The Governor of the Central Bank of Nigeria (CBN), Mr Yemi Cardoso, says due to consistent policy direction, improved market confidence, and enhanced transparency in the Nigerian foreign exchange (FX) market, the gap between the official market and the parallel market has significantly narrowed to approximately 4-5 per cent.

He made this disclosure while speaking during the just-concluded inaugural Conference on Emerging Markets Economies organised by the Ministry of Finance, Saudi Arabia, and the International Monetary Fund (IMF) Regional Office in Riyadh.

During a meeting with Mr Talal Al-Humond, the Assistant Governor for Monetary Affairs, Saudi Arabia Central Bank (SAMA), Mr Cardoso said there were lessons to be learned from Saudi Arabia in terms of infrastructural development and tourism.

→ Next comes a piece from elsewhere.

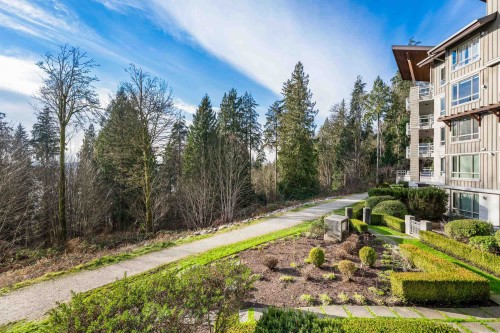 209-560 Ravenwoods Drive, North Vancouver, BC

According to him, Saudi Arabia’s dedication to diversifying its economy through innovative environmental projects, large-scale transformation, and tourism investment is essential for development.

Mr Cardoso also reaffirmed his dedication to collaborating with the Nigerian Diaspora community in the Middle East to improve remittance flows and strengthen Nigeria’s financial sector.

He stated that the CBN will continue enhancing macroeconomic fundamentals to establish an enabling environment that will facilitate the growth of the private sector and the generation of high-quality jobs for Nigerians.

On his part, Mr Al-Humond assured Cardoso that the Saudi Central Bank will work with the CBN to ensure the attainment of mutually beneficial objectives.

Meanwhile, during the panel discussion moderated by the Director, Middle East and Central Asia Department, IMF, Mr Jihad Azour, at the conference, Mr Cardoso cited reforms in the financial markets that addressed distortions in the Nigerian foreign exchange market, which had previously experienced a gap of up to 60 per cent between the official and parallel market exchange rates.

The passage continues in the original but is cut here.